1. Er erklärte ohne Grund Deutschland den Krieg ( Belgien war nur ein billiger Vorwand!) denn bereits am zweiten Tag des Krieges kappte ein englisches Kabelschiff das Atlantische Überseekabel um jede Verbindung zu kappen.
Deutschland hatte nie vor einen Krieg zu führen , denn der Munitionsvorrat war bereits Ende 1914 so gut wie verbraucht.
Nur die kluge Handlungsweise von Walter Rathenau bewahrte uns
davor ganz ohne Munition zu sein.
Der 1. Weltkrieg wurde nur von England vom Zaun gebrochen, weil Deutschland wirtschaftlich und wissenschaftlich zu stark geworden war ! ( Mehr Stahl als England und Frankreich zusammen!)
England hatte zuvor schon Ägypten und Indien ausgeplündert und die Buren bekämpft weil die zu viel Gold und Diamantenfelder hatten!
2. England erklärte nur Deutschland den Krieg für den Einfall in Polen , nicht jedoch Russland ( 18.09.1939 ! ) warum nicht?
Und warum war Polen nach dem Krieg kein freies Land.
Churchill war nur ein versoffener , depressiver und verfressener Mörder , Rassist und Menschenhasser .
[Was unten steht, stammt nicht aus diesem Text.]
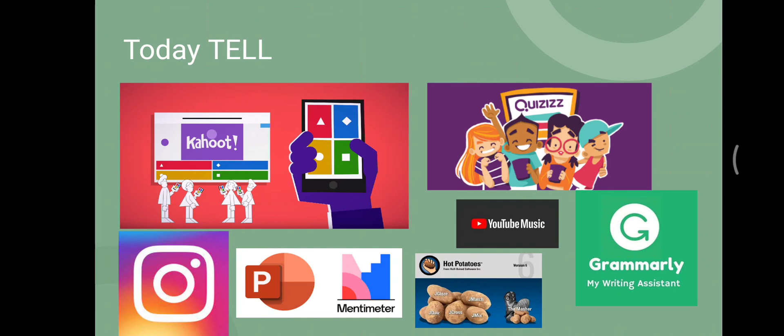Nowadays, we have a lot of innovations in technology that can be used by teachers and students to develop their language learning. Like Kahoot, we can develop an interactive quiz, a language quiz, or any other activities that teachers can use to engage students in learning. We also have Quizlet, YouTube, Hot Potatoes, Mentimeter, Instagram and other social media. And one of the prominent tools on the internet is Grammarly, which can help students manage their grammar and make their writing better.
Doch die Geschichte rächt sich jetzt, denn nun ist ein Inder Bürgermeister von London und einem Ägypter gehört nun das Kaufhaus Harrods in London.
Ich hasse nicht England oder die Engländer, aber ich verabscheue diesen Massenmörder . Er soll in der Hölle schmoren.
Das schlimme ist nur es gibt so viele deutsche Historiker die echte Speichelleckerischer sind und nicht in der Lage sind eine echte und wahre Biografie von diesem Schuft zu schreiben der nicht einen Deut besser als Hitler oder Stalin war und Roosevelt war nicht besser!
Wann, so frage ich mich lernen die Menschen, daß Krieg nie eine Lösung ist.
Und wenn wir heute Russland so verdammen und beschimpfen, hatte dann Hitler doch Recht? NEIN ….Russen sind keine Untermenschen, aber Engländer und Amerikaner auch keine Übermenschen.